Reproduce the data below in full and to the letter, images excepted.

(Stored data entries)
%%
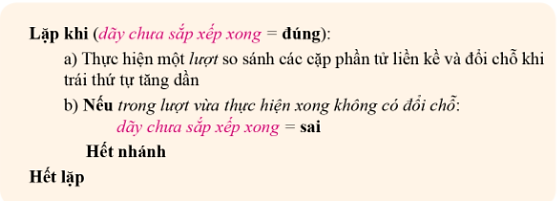 CHỦ ĐỀ F: BÀI 4 - SẮP XẾP NỔI BỌTMỞ ĐẦUCâu 1: Làm thế nào để cho máy tính biết một dãy đã có thứ tự tăng dần?Đáp án chuẩn:Máy tính so sánh các cặp số liền kề cho đến khi không còn cặp nào trái thứ tự mong muốn.1. Ý tưởng sắp xếp bằng cách đổi chỗ các phần tử liền kềCâu 1: Giả sử có một hộp kẹo, mỗi hộp chứa một số kẹo nào đó. Có một chú robot chỉ biết làm hai thao tác:So sánh số kẹo trong hai hộp cạnh nhau.Hoán đổi vị trí hai hộp kẹo cạnh nhau.Theo em, chú robot phải làm thế nào để sắp xếp lại các hộp sao cho số kẹo trong các hộp tăng dần?Đáp án chuẩn:Robot so sánh và đổi vị trí hai hộp nếu số kẹo ở hộp trước > hộp sau. Lặp lại cho đến khi hộp cuối dãy chứa nhiều kẹo nhất. Tiếp tục cho đến khi không cần đổi vị trí nữa thì dãy đã được sắp xếp xong.2. Thuật toán sắp xêp nổi bọtCâu 2: Với dãy số đã cho ở ví dụ trên, em hãy thực hiện thuật toán được mô tả ở hình bên và cho biết đó có phải là thuật toán sắp xếp nổi bọt hay không?Đáp án chuẩn:Các em thực hiện thuật toán và nhận thấy đây là thuật toán sắp xếp nổi bọt.LUYỆN TẬPCâu 1: Hãy mô phỏng thuật toán sắp xếp nổi bọt cho một dãy số nguyên tùy chọn, không ít hơn 5 phần tử. Sau bao nhiêu lượt đi từ đầu đến cuối dãy để so sánh và đổi chỗ khi thuật toán kết thúc? Tổng số có bao nhiêu phần tử liền kề?Đáp án chuẩn:Sau ba lượt đi từ đầu đến cuối dãy để so sánh và đổi chỗ khi thuật toán kết thúc. Tổng số có 4 lần đổi chỗ hai phần tử liền kề.VẬN DỤNGCâu 1:1) Trong thuật toán sắp xếp nổi bọt thì dấu hiệu để biết dãy chưa sắp xếp xong là gì?2) Theo em, có phải hình bên đã mô tả chi tiết một lượt robot thực hiện so sánh các căp phần tử liền kề và đổi chỗ khi chúng trái thứ tự mong muốn không?Đáp án chuẩn:1) Dấu hiệu: còn cặp liền kề trái thứ tự mong muốn.2) Đúng.Câu 2: Theo em, vì sao thuật toán sắp xếp trên lại được gọi là sắp xếp nổi bọt?Đáp án chuẩn:Vì nó thực hiện nhiều phép so sánh và đổi chỗ các cặp phần tử liền kề cho đến khi không còn cặp nào trái thứ tự mong muốn.TỰ ĐÁNH GIÁ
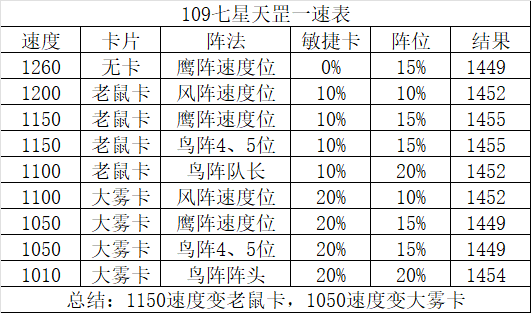 梦幻西游七星天究星怎么过_七星天究星过关攻略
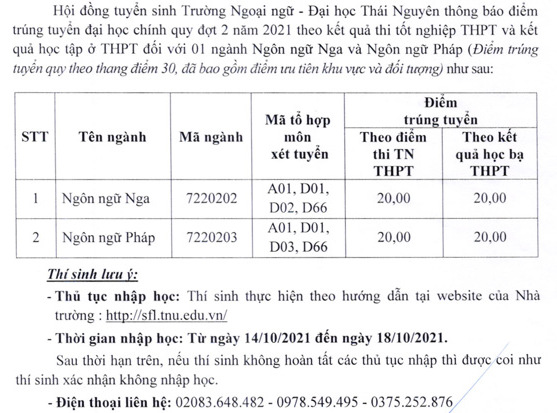 Truong Ngoai ngu - DH Thai Nguyen cong bo diem chuan bo sung dot 2/2021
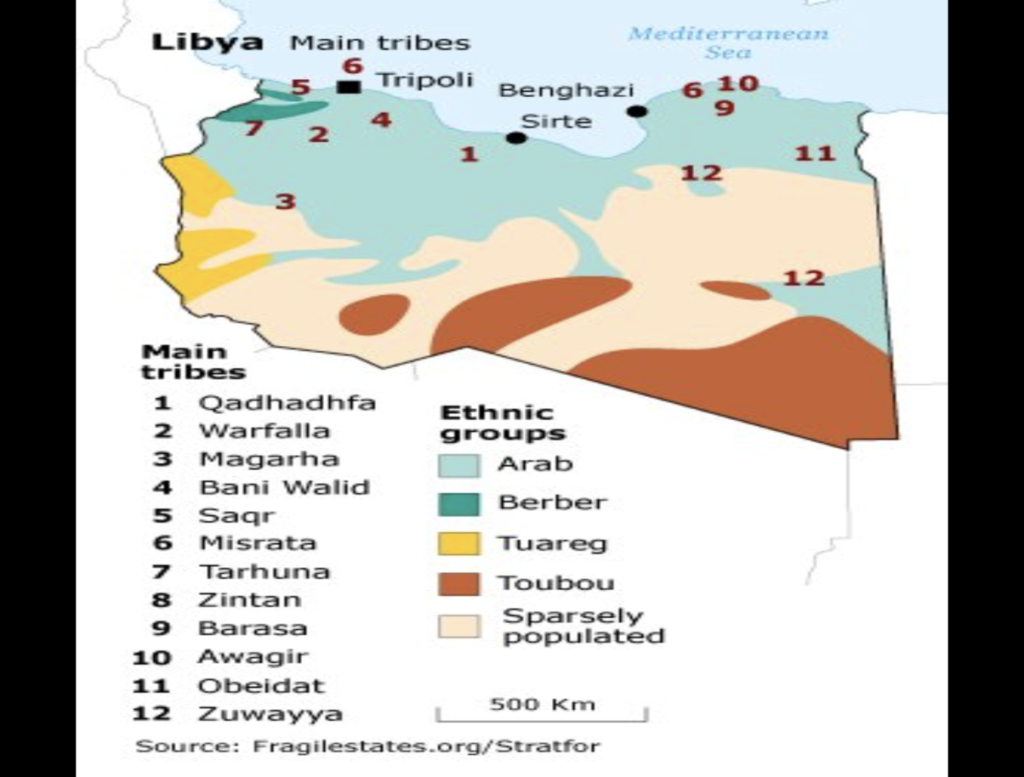الخريطة القبلية في ليبيا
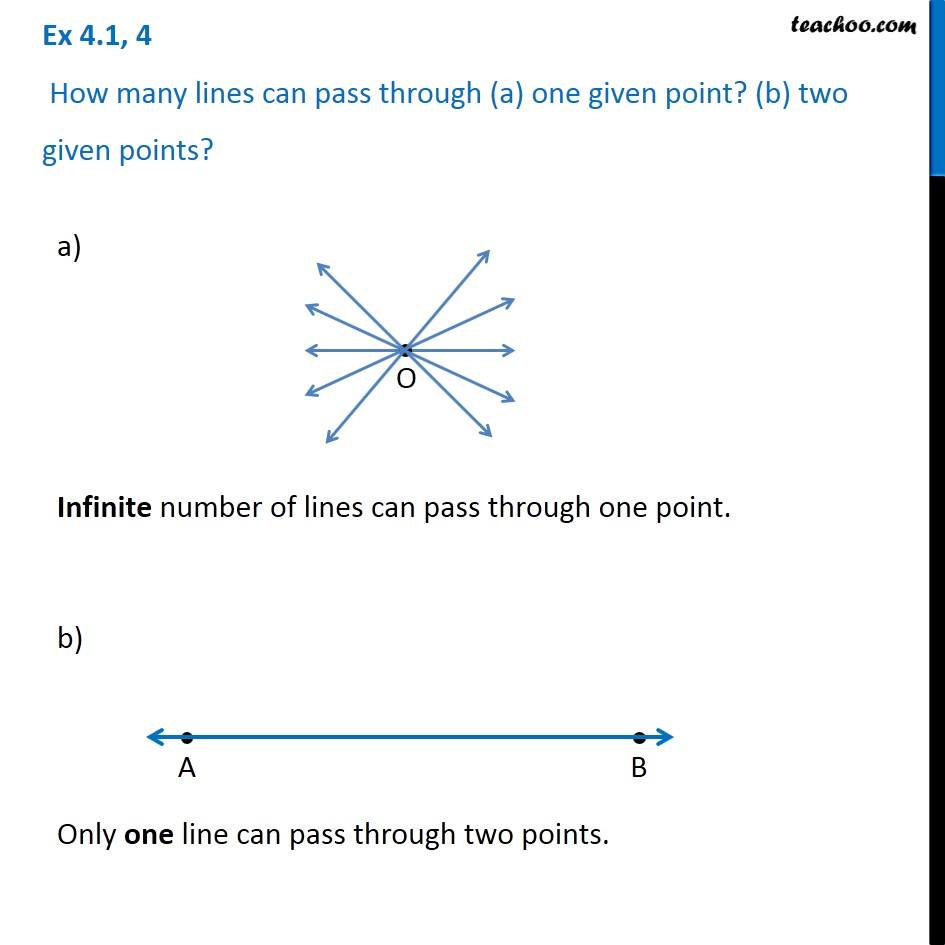 Ex 4.1, 4 - How many lines can pass through (a) one given point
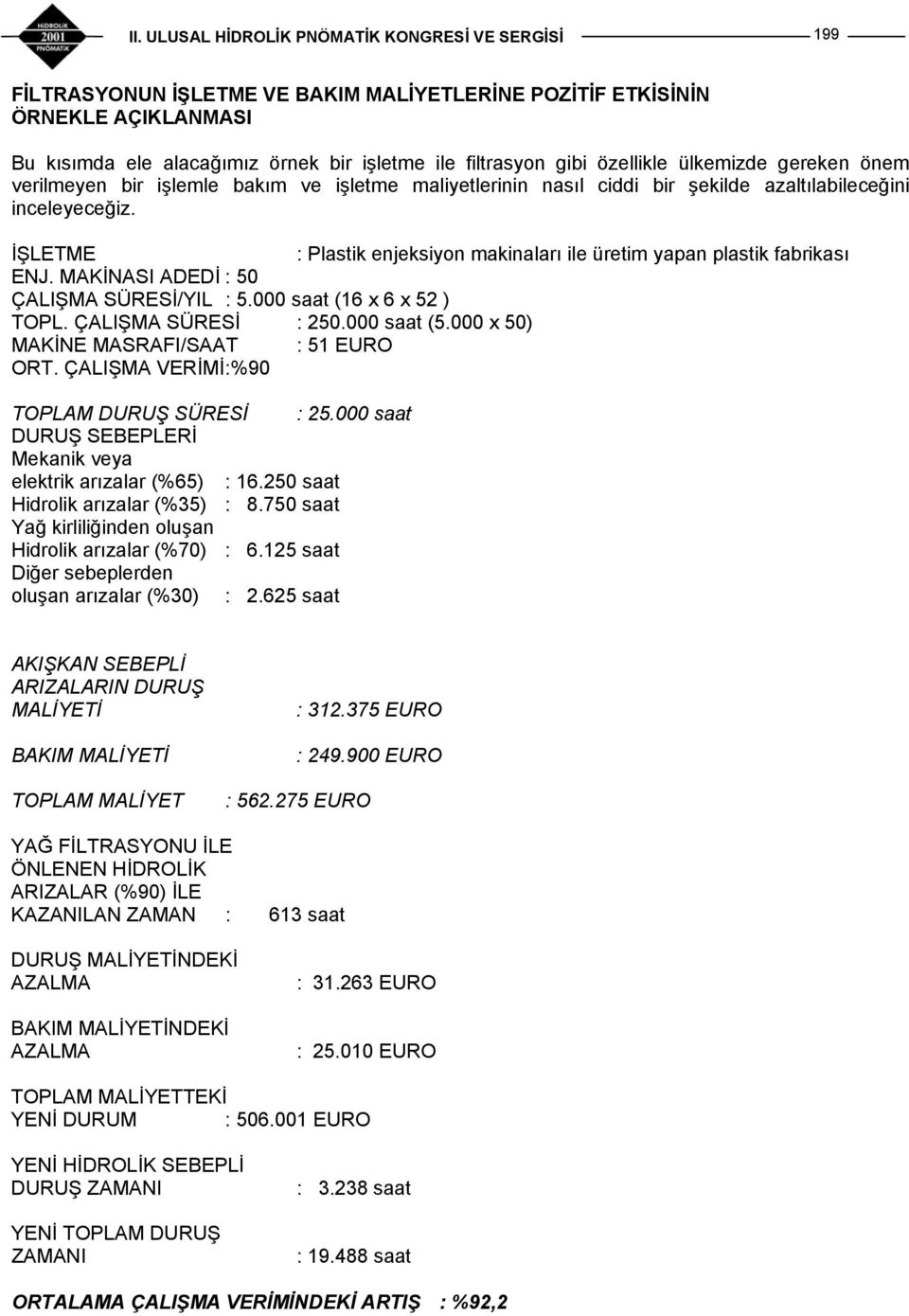 MAKİNASI ADEDİ : 50 ÇALIŞMA SÜRESİ/YIL : 5.000 saat (16 x 6 x 52 ) TOPL. ÇALIŞMA SÜRESİ : 250.000 saat (5.000 x 50) MAKİNE MASRAFI/SAAT : 51 EURO ORT. ÇALIŞMA VERİMİ :%90 TOPLAM DURUŞ SÜRESİ : 25.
%%
WORKED SOLUTION:
 CHỦ ĐỀ F: BÀI 4 - SẮP XẾP NỔI BỌTMỞ ĐẦUCâu 1: Làm thế nào để cho máy tính biết một dãy đã có thứ tự tăng dần?Đáp án chuẩn:Máy tính so sánh các cặp số liền kề cho đến khi không còn cặp nào trái thứ tự mong muốn.1. Ý tưởng sắp xếp bằng cách đổi chỗ các phần tử liền kềCâu 1: Giả sử có một hộp kẹo, mỗi hộp chứa một số kẹo nào đó. Có một chú robot chỉ biết làm hai thao tác:So sánh số kẹo trong hai hộp cạnh nhau.Hoán đổi vị trí hai hộp kẹo cạnh nhau.Theo em, chú robot phải làm thế nào để sắp xếp lại các hộp sao cho số kẹo trong các hộp tăng dần?Đáp án chuẩn:Robot so sánh và đổi vị trí hai hộp nếu số kẹo ở hộp trước > hộp sau. Lặp lại cho đến khi hộp cuối dãy chứa nhiều kẹo nhất. Tiếp tục cho đến khi không cần đổi vị trí nữa thì dãy đã được sắp xếp xong.2. Thuật toán sắp xêp nổi bọtCâu 2: Với dãy số đã cho ở ví dụ trên, em hãy thực hiện thuật toán được mô tả ở hình bên và cho biết đó có phải là thuật toán sắp xếp nổi bọt hay không?Đáp án chuẩn:Các em thực hiện thuật toán và nhận thấy đây là thuật toán sắp xếp nổi bọt.LUYỆN TẬPCâu 1: Hãy mô phỏng thuật toán sắp xếp nổi bọt cho một dãy số nguyên tùy chọn, không ít hơn 5 phần tử. Sau bao nhiêu lượt đi từ đầu đến cuối dãy để so sánh và đổi chỗ khi thuật toán kết thúc? Tổng số có bao nhiêu phần tử liền kề?Đáp án chuẩn:Sau ba lượt đi từ đầu đến cuối dãy để so sánh và đổi chỗ khi thuật toán kết thúc. Tổng số có 4 lần đổi chỗ hai phần tử liền kề.VẬN DỤNGCâu 1:1) Trong thuật toán sắp xếp nổi bọt thì dấu hiệu để biết dãy chưa sắp xếp xong là gì?2) Theo em, có phải hình bên đã mô tả chi tiết một lượt robot thực hiện so sánh các căp phần tử liền kề và đổi chỗ khi chúng trái thứ tự mong muốn không?Đáp án chuẩn:1) Dấu hiệu: còn cặp liền kề trái thứ tự mong muốn.2) Đúng.Câu 2: Theo em, vì sao thuật toán sắp xếp trên lại được gọi là sắp xếp nổi bọt?Đáp án chuẩn:Vì nó thực hiện nhiều phép so sánh và đổi chỗ các cặp phần tử liền kề cho đến khi không còn cặp nào trái thứ tự mong muốn.TỰ ĐÁNH GIÁ
 梦幻西游七星天究星怎么过_七星天究星过关攻略
 Truong Ngoai ngu - DH Thai Nguyen cong bo diem chuan bo sung dot 2/2021
الخريطة القبلية في ليبيا
 Ex 4.1, 4 - How many lines can pass through (a) one given point
 MAKİNASI ADEDİ : 50 ÇALIŞMA SÜRESİ/YIL : 5.000 saat (16 x 6 x 52 ) TOPL. ÇALIŞMA SÜRESİ : 250.000 saat (5.000 x 50) MAKİNE MASRAFI/SAAT : 51 EURO ORT. ÇALIŞMA VERİMİ :%90 TOPLAM DURUŞ SÜRESİ : 25.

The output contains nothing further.